» EXERCISE DETAILS
Please repeat, exactly and without pictures, the lines of the entries below that run from the one containing "Chade Modern Black/Ivory Area Rug" through the one containing "Câble anti-feu rigide".

» DATASET RECORDS
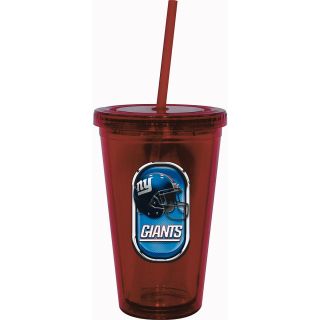 Hunter New York Giants Team Color Specific Dual Walled BPA Free Sip N Go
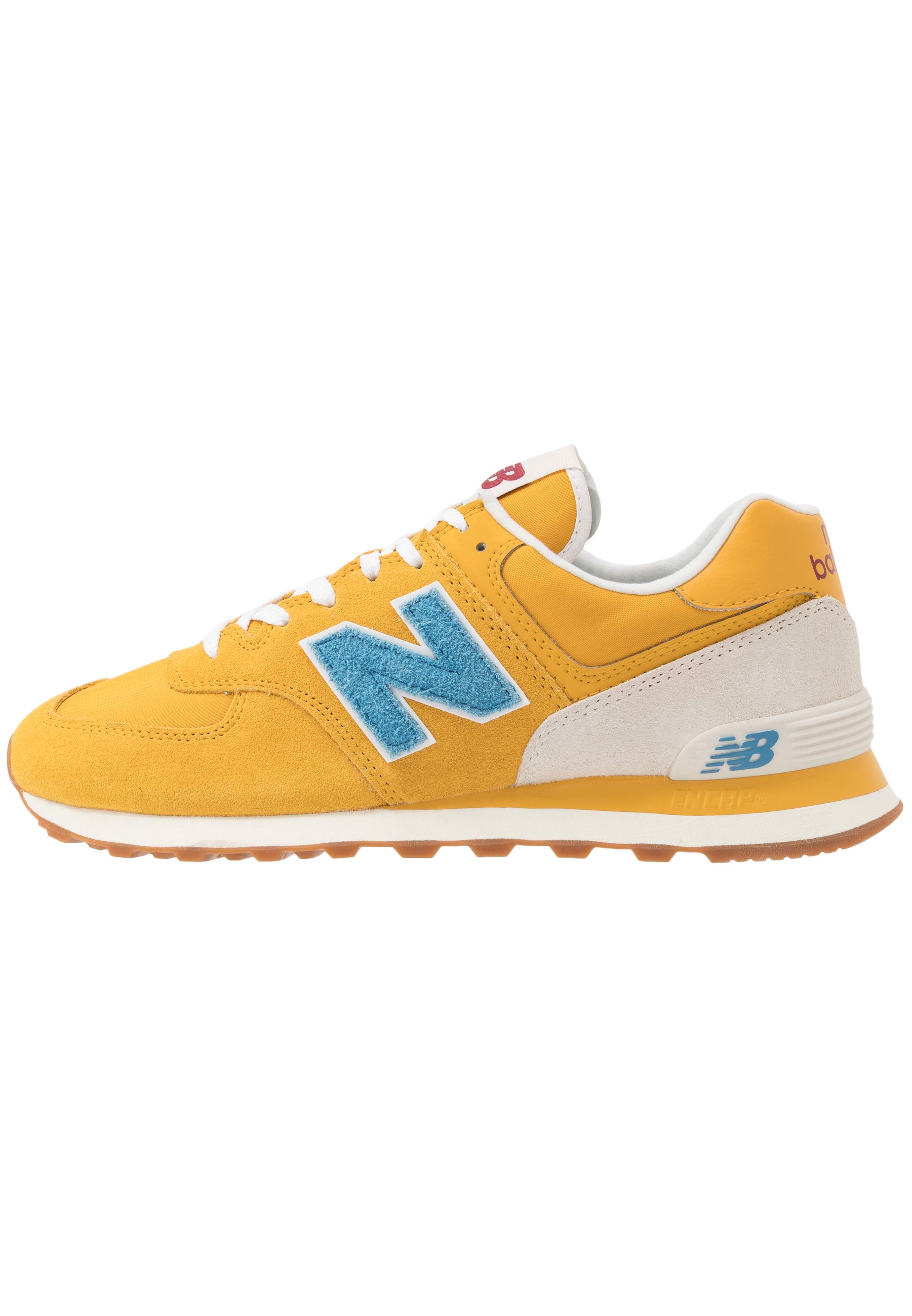 Geen opleggen kop New Balance 574 - Trainers - blue/yellow/yellow - Zalando.de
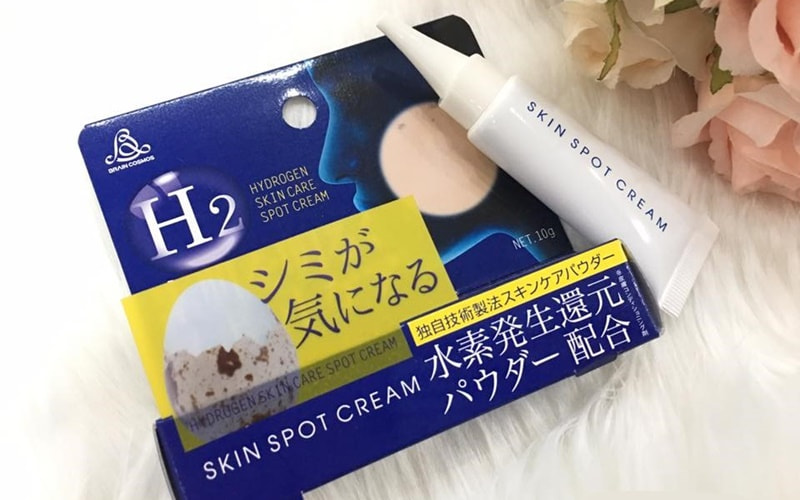 H2 Hydrogen Skin Spot Cream là “best seller” kem trị nám tàn nhang của Nhật 
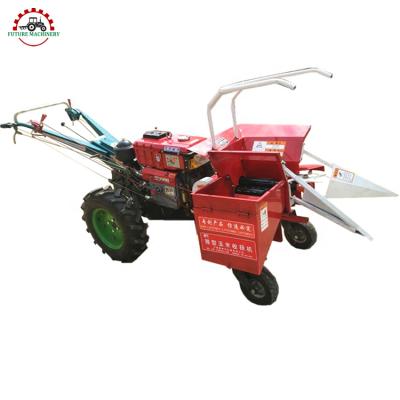 China Maize Farm Machinery Walking Tractor Maize Harvester Hand Tractor Corn Harvester for sale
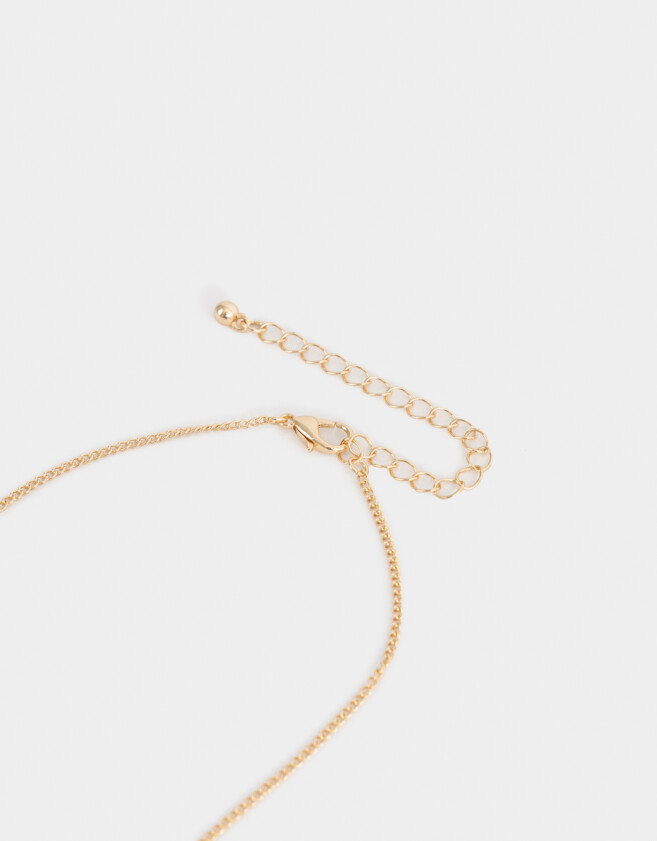 Collares Cortos Con perlas Collar Corto Con Perlas - Dorado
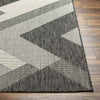 Chade Modern Black/Ivory Area Rug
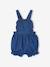 Girl's denim romper stone 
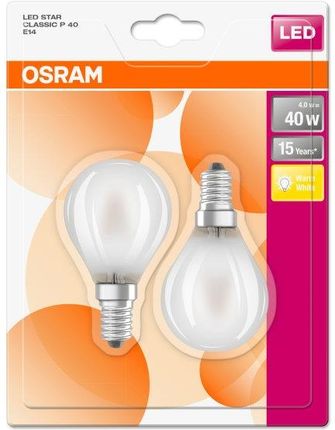 Osram Żarówki Led E14 Mleczna Kulka 4W = 40W 2700K Blister 2Szt (4058075112155)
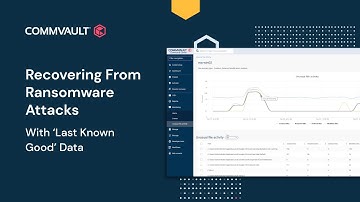 Demo – Recovering from Ransomware attacks with ‘Last Known Good’ data
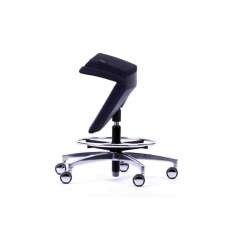 Ergonomiczny stołek biurowy z tkaniny z regulacją wysokości i podstawą 5-Spoke Mykinema KINEMA® BLACK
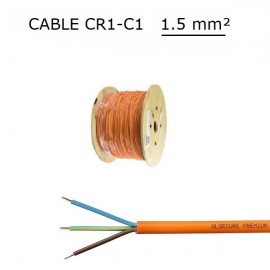 Câble anti-feu rigide 5G1.5 mm² – CR1 C1 cuivre – 500m touret Id-cables réf. IDCAF5G1.5T500 - CABLES -FILS -GAINES vv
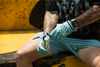 FIST HANDWEAR Breezer Ruthless Teal Staple Gloves, Large — F-GB-01757-L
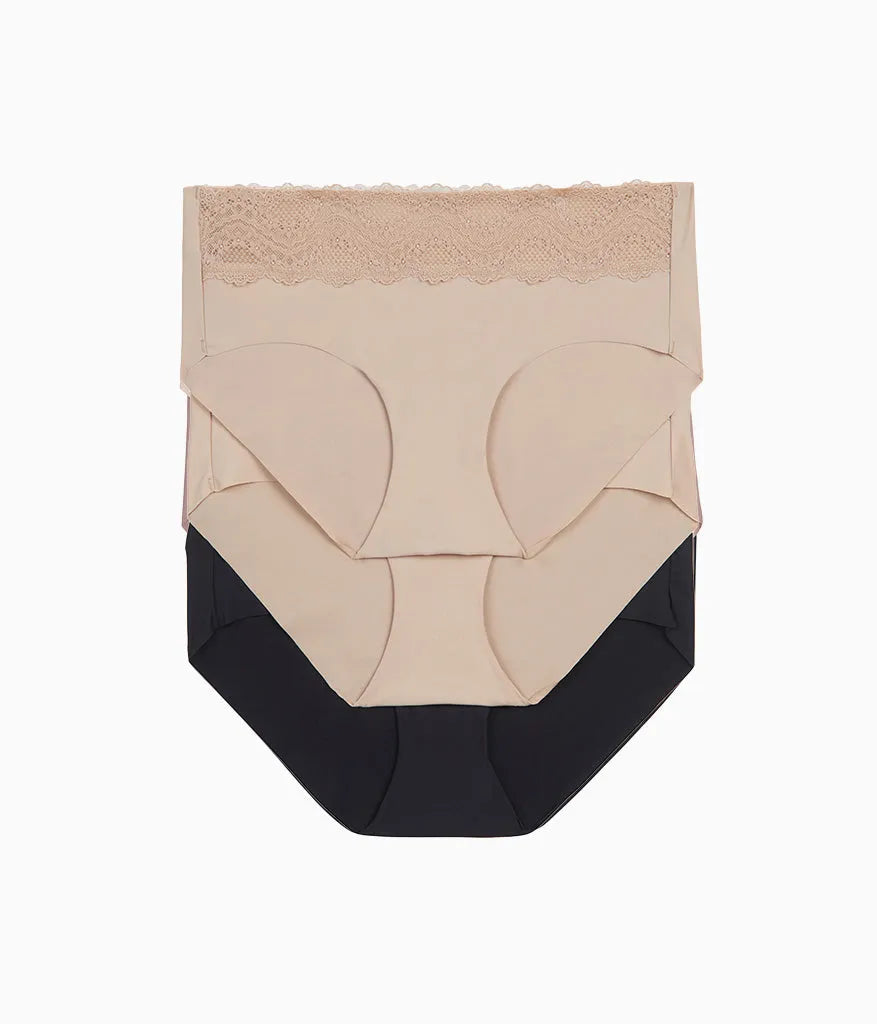 b.bare Hipster Panty Pack: Au Natural/Au Natural/Night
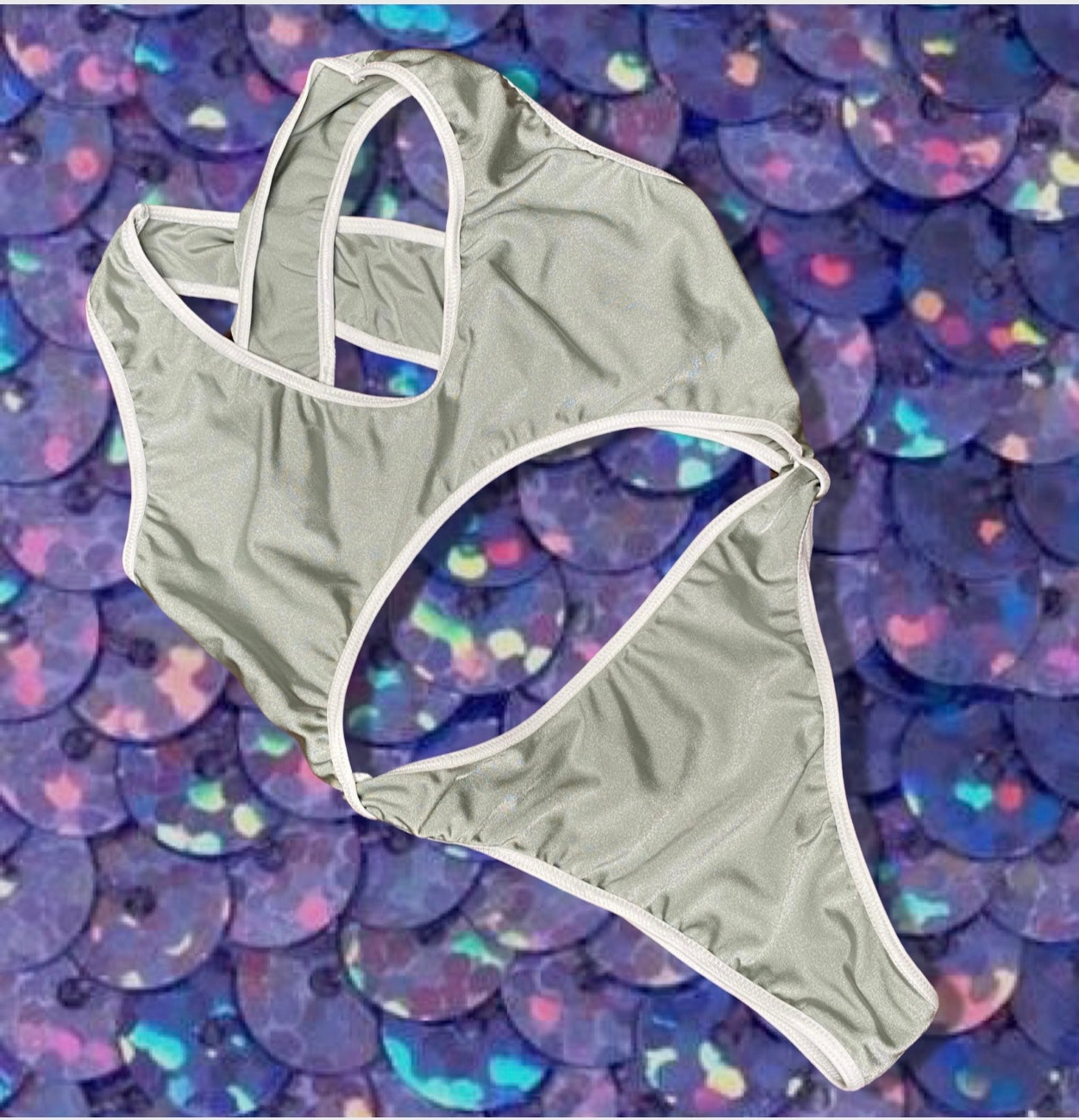 SILVER LADY Bodysuit - READY TO SHIP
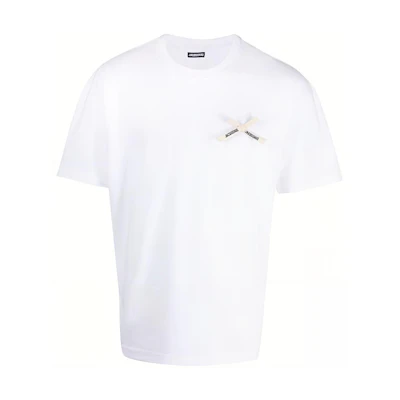 Jacquemus Short-Sleeve T-Shirt with Logo Patch Crewneck. 236JS1962003100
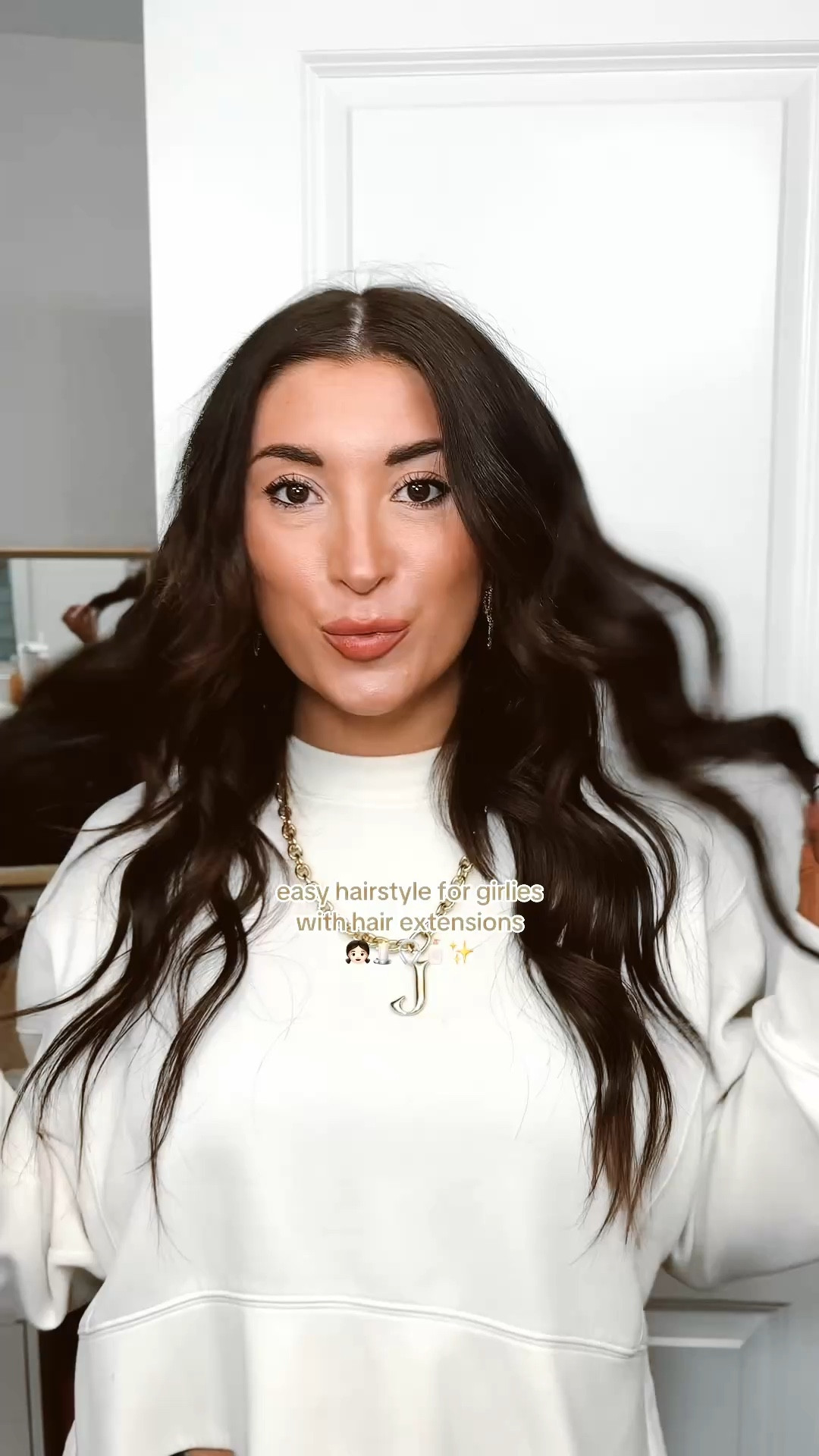 Easy hairstyle for the girlies with hair extensions! Would be so cute paired with a hat or beanie too! Linking my favorite ponytails as well! 

#LTKStyleTip #LTKWatchNow #LTKBeauty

» REPLY
 Chade Modern Black/Ivory Area Rug
 Girl's denim romper stone 
 Osram Żarówki Led E14 Mleczna Kulka 4W = 40W 2700K Blister 2Szt (4058075112155)
 Demo – Recovering from Ransomware attacks with ‘Last Known Good’ data
 Ergonomiczny stołek biurowy z tkaniny z regulacją wysokości i podstawą 5-Spoke Mykinema KINEMA® BLACK
 Câble anti-feu rigide 5G1.5 mm² – CR1 C1 cuivre – 500m touret Id-cables réf. IDCAF5G1.5T500 - CABLES -FILS -GAINES vv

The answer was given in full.